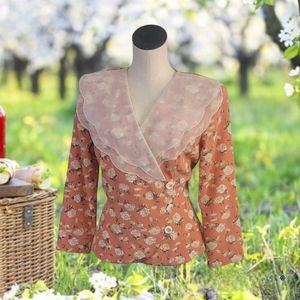 Vintage 80s Floral Blouse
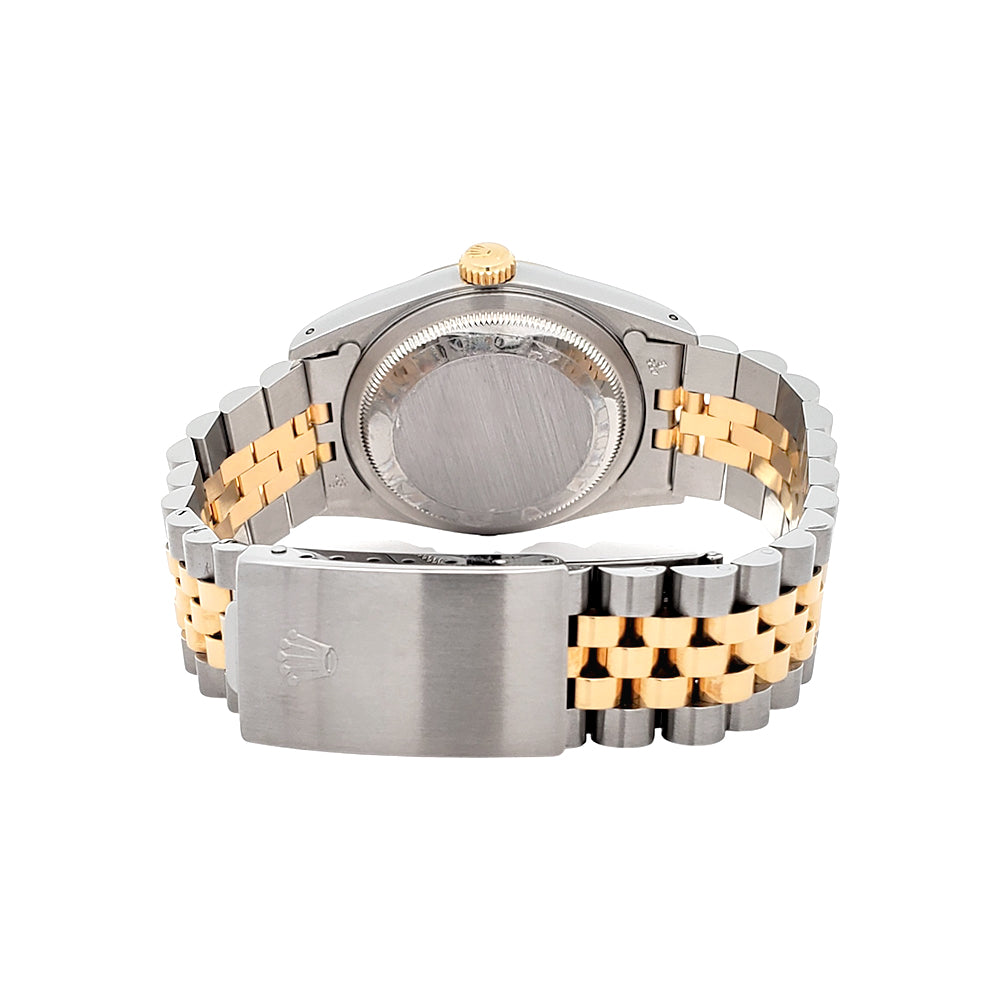 Rolex Datejust 36mm 16233 Silver Index Dial 2-tone Yellow Gold/Steel Jubilee Watch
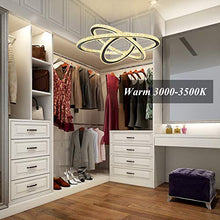 Load image into Gallery viewer, Antilisha Modern Crystal Chandelier Lighting Ceiling Dining Living Room Chandeliers Contemporary Led Light Fixtures Long Round 3-Ring Foyer Girls Bedroom Pendant Lights Warm White
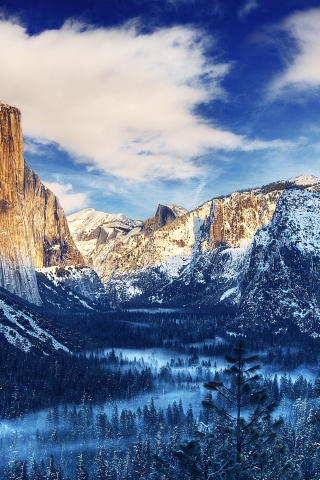 Winter, Yosemite valley, nation park, nature, 240x320 wallpaper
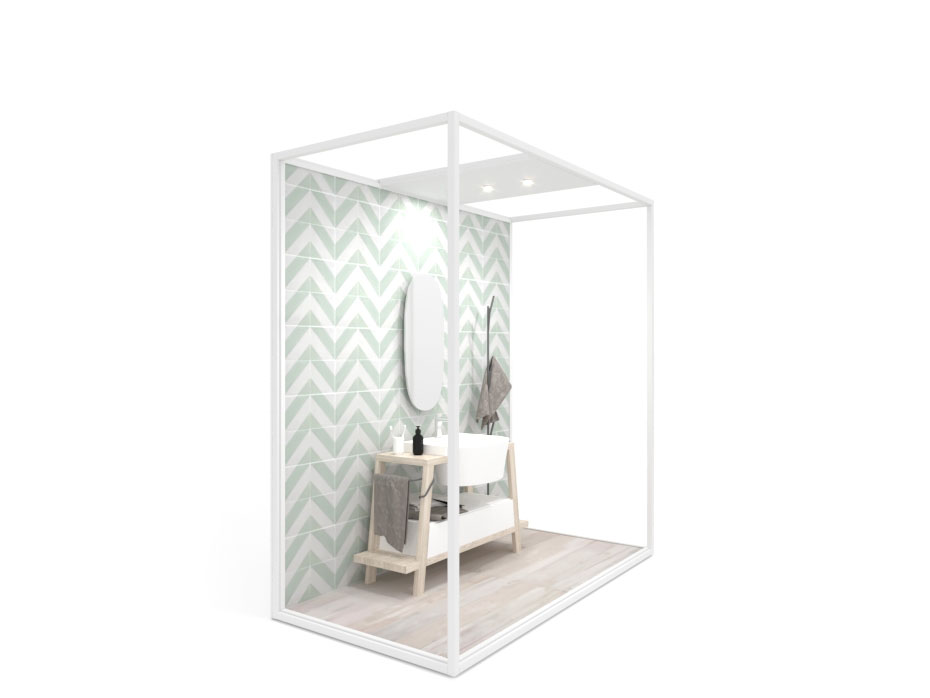 Ambiente para la exposición de azulejos y baño Isla Lineal 240x120_2515 luz blanco lateral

__What is needed__
Give the records back exactly, with no pictures.

__Completed task__
 Vintage 80s Floral Blouse
 Rolex Datejust 36mm 16233 Silver Index Dial 2-tone Yellow Gold/Steel Jubilee Watch
 Load image into Gallery viewer, Antilisha Modern Crystal Chandelier Lighting Ceiling Dining Living Room Chandeliers Contemporary Led Light Fixtures Long Round 3-Ring Foyer Girls Bedroom Pendant Lights Warm White
 Winter, Yosemite valley, nation park, nature, 240x320 wallpaper
 Ambiente para la exposición de azulejos y baño Isla Lineal 240x120_2515 luz blanco lateral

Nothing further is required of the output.